Het schilderij met de afbeelding van de Britse Wellington is Bert Sluijer erg dierbaar.
Het schilderij met de afbeelding van de Britse Wellington is Bert Sluijer erg dierbaar.

De oorlogsjaren in Vriezenveen

Algemeen

VRIEZENVEEN - Binnenkort staat Nederland weer stil bij de oorlogsjaren. Op 4 mei herdenken we hen die in de tweede wereldoorlog vielen en hen die bij vredesmissies hun leven gaven. En natuurlijk gaan onze gedachten ook uit naar alle mensen in de wereld die ook nu nog gebukt gaat onder het juk van een oorlog. Een dag later vieren we dat ons land op 5 mei 1945 werd bevrijd van de bezetter. Vriezenveen werd 79 jaar geleden al op 5 april bevrijd door de XII Manitoba Dragoons. 

Van jongs af aan

Maar hoe was het leven in Vriezenveen eigenlijk in de vijf oorlogsjaren die daaraan voorafgingen? We zijn te rade gegaan bij Bert Sluijer uit Vriezenveen. De 60-jarige Bert heeft de oorlog weliswaar niet zelf meegemaakt, maar hij weet er zóveel van dat hij er een heel dik boek over zou kunnen schrijven. Hoe dat kan? Hij vertelt dat hij al vanaf jongs af aan is geïnteresseerd in de oorlogsjaren 40-45. “Mijn opa van moederskant was mijn motivatie en inspiratie.

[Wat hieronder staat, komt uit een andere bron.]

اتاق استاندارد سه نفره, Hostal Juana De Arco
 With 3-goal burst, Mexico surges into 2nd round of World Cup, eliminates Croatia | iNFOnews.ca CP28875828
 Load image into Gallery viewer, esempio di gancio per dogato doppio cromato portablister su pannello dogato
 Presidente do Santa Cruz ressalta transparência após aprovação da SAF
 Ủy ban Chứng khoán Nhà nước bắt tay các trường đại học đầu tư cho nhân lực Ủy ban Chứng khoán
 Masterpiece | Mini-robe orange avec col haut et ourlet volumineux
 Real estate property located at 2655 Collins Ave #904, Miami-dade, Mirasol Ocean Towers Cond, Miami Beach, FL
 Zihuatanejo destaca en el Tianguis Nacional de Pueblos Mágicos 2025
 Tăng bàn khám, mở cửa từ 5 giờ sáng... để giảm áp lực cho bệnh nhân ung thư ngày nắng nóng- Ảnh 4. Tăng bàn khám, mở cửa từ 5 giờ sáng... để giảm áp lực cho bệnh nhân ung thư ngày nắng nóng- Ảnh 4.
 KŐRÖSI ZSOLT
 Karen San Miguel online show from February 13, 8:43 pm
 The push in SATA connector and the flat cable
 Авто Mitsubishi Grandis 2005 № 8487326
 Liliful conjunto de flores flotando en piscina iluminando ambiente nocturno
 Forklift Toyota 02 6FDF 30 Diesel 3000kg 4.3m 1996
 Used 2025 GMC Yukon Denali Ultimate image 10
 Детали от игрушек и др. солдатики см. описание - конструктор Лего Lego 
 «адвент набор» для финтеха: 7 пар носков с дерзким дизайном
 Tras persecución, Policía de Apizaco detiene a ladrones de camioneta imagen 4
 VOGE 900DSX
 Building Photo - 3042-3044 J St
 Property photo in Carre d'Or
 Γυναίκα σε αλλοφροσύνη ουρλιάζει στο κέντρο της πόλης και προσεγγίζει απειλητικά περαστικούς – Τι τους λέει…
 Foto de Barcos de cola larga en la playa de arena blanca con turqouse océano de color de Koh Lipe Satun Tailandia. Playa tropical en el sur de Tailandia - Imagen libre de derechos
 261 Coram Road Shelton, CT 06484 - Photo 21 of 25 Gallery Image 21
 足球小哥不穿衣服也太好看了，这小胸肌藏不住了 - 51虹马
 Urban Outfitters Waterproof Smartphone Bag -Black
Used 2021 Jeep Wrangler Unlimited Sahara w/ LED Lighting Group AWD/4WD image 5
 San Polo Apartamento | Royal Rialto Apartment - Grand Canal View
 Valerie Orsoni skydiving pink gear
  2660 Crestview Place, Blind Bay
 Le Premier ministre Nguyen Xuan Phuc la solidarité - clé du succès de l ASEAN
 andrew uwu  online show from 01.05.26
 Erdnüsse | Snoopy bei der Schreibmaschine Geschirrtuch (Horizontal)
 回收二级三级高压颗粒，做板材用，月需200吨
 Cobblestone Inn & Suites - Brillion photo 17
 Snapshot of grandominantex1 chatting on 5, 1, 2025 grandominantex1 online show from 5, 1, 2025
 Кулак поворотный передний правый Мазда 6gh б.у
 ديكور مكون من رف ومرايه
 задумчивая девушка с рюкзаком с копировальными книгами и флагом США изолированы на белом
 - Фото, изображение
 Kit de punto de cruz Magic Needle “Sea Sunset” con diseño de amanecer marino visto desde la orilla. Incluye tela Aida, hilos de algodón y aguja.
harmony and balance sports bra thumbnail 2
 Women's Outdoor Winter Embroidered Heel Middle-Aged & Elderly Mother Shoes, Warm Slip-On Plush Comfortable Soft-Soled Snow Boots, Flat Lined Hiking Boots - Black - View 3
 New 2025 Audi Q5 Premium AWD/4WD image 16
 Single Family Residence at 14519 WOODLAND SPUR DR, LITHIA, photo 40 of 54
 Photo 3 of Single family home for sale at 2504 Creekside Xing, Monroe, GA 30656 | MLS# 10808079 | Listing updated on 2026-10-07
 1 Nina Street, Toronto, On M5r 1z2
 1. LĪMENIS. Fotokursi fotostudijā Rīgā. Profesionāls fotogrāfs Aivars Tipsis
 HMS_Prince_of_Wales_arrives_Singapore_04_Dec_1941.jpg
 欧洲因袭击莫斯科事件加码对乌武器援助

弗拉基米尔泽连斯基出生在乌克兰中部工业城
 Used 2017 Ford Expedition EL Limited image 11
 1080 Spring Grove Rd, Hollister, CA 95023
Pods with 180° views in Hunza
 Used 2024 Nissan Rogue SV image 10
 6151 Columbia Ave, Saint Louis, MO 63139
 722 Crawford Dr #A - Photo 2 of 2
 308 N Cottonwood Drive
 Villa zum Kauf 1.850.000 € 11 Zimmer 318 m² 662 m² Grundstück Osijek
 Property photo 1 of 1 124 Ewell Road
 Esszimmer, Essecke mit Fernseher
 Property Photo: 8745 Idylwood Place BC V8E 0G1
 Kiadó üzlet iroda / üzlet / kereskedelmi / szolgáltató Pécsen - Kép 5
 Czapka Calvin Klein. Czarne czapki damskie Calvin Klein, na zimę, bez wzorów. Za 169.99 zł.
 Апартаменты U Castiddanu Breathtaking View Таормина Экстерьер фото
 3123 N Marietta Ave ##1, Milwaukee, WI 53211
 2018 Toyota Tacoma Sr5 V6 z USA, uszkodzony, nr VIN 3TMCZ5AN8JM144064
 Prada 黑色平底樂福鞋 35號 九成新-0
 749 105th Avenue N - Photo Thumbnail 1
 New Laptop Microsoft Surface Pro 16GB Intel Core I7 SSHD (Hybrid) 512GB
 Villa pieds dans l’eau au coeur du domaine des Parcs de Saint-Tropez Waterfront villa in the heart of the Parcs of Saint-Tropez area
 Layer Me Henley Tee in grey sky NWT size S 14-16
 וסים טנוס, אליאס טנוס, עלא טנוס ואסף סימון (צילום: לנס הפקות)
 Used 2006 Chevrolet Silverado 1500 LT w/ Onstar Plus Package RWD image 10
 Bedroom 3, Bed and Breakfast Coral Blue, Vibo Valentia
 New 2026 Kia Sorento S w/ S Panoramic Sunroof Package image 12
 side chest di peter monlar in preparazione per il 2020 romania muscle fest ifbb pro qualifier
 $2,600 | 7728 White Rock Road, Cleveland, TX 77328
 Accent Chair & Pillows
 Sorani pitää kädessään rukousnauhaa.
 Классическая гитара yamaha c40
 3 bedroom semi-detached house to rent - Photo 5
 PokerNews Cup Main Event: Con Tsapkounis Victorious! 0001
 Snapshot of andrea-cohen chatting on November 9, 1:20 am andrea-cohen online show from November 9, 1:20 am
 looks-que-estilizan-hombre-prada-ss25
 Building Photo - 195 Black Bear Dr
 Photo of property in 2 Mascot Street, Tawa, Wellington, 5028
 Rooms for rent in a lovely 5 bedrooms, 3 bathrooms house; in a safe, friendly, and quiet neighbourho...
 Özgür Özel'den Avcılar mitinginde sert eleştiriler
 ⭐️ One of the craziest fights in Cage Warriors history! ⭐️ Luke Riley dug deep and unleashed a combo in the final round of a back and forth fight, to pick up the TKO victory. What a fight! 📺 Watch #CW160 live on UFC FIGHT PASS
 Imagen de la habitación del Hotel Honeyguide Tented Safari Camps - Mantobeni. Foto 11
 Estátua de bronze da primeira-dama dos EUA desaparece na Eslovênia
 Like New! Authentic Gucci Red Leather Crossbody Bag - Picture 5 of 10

Bosbats, zoals mijn opa Albertus Keijzer in Vriezenveen werd genoemd, bewaarde altijd heel veel spullen van vroeger en ik vond dat als kind al super interessant”. Als voorbeeld noemt Bert de voedselbonnen uit de oorlog. Bosbats vertelde zijn kleinzoon Bert hoe het was in de jaren 40-45. “Zonder voedselbonnen geen eten. Koffie, thee, tabak, zeep, het was maar moeilijk verkrijgbaar. Bij gebrek aan echte koffie, dronk men surrogaatkoffie”. Ook de persoonsbewijzen uit de oorlog fascineerden Bert. “Deze identiteitskaarten met foto en vingerafdruk waren voor de bezetter hét middel om de mensen te controleren.”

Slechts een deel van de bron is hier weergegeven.